Estimate differential expression by the gene expression mixture model of EBarrays

EBarrays estimates differential expression between specified conditions / groups.

This tool provides for differential expression analysis using the EBarrays package. The platform tool can compare up to five conditions / groups. The groups consist of columns of a data table that contains normalized measurement values, e.g. from a normalized microarray experiment.

EBarrays sets up a mixture model matching the specified groups. Differential expression is identified when components for a pattern describe the distribution of measurement values well. Then probe / gene values in the corresponding group were significantly different from their values in the other groups. This is reflected by high posterior probabilities in the column named after that group.

The package estimates a critical posterior probability cutoff for the given FDR level on the basis of the fitted mixture model. Probes / genes exceeding this cutoff in some condition / group are indicated by a value of 1 (instead of -1) in the output column named “condition name Sig”. Hence, to isolate the targets differentially expressed in a condition of interest, e.g. condition named “treatment”, filter the table for all rows with a value of 1 in the column “treatment Sig”. The direction of differential expression can be derived from the fold change column “condition name FC”, which contains the log2-fold changes.

_images/rna_seq24.png

The input parameters for EBarrays are described in the following.
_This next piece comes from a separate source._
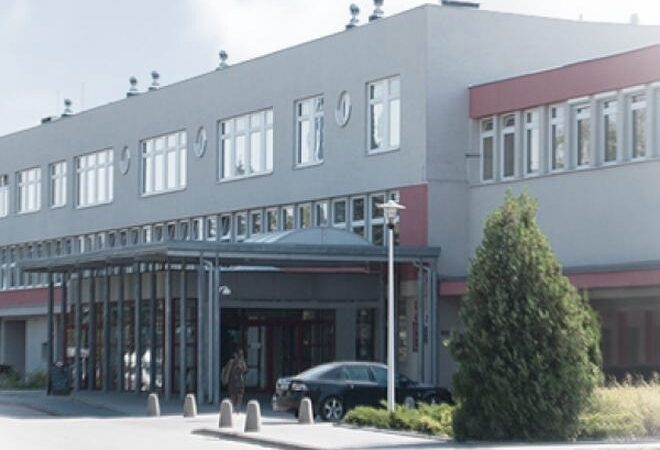 Jak dojechać do Poznania ul. Szpitalna? Praktyczny przewodnik po trasach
Input table: This table contains the columns to analyze.

Input log-base: Here you can specify the scale of the input data. If the log-base is none, the tool will use the data values as is. If your data are from RNA-seq, you can select Normalized counts or Unnormalized counts.

1-5. Condition / group name: One can specify up to five groups of columns. Please note that unnamed groups are not considered; a name is not assigned automatically. Fields for the first two groups need to be set.

1-5. Columns: These fields contain the selected columns. Please note that column selections are not considered without a corresponding name. Columns can only be specified once and there need to be two columns per group. Fields for the first two groups need to be set.

1-5. Is control: Use this field to mark the control column group. One such group is required.

Output folder: The output folder will contain one output file for each pair of conditions.

It is necessary to provide a unique name for each group. Also, at least two data columns are required per group and one group needs to be marked as a control group.

Besides the main output table containing differential expression estimates for each probe / gene, EBarrays provides two diagnostic plots named EBarrays CCV and EBarrays Marginal fit. These plots enable a judgment about whether assumptions of the approach hold and how well the fitted model represents the data (please refer to the documentation of the EBarrays Bioconductor package for further details). Examples of an output table, a CCV plot and a Marginal fit plot are shown at the end of this section.

_images/image107.png

_images/931951aad4aaba4c23b5dd6413b946a6.png

_images/69183a6af9a6bef8bb30ceebc3fad7c5.png

Reference:
Kendziorski, C.M., Newton, M.A., Lan, H., Gould, M.N. (2003). On parametric empirical Bayes methods for comparing multiple groups using replicated gene expression profiles. Statistics in Medicine 22:3899-3914.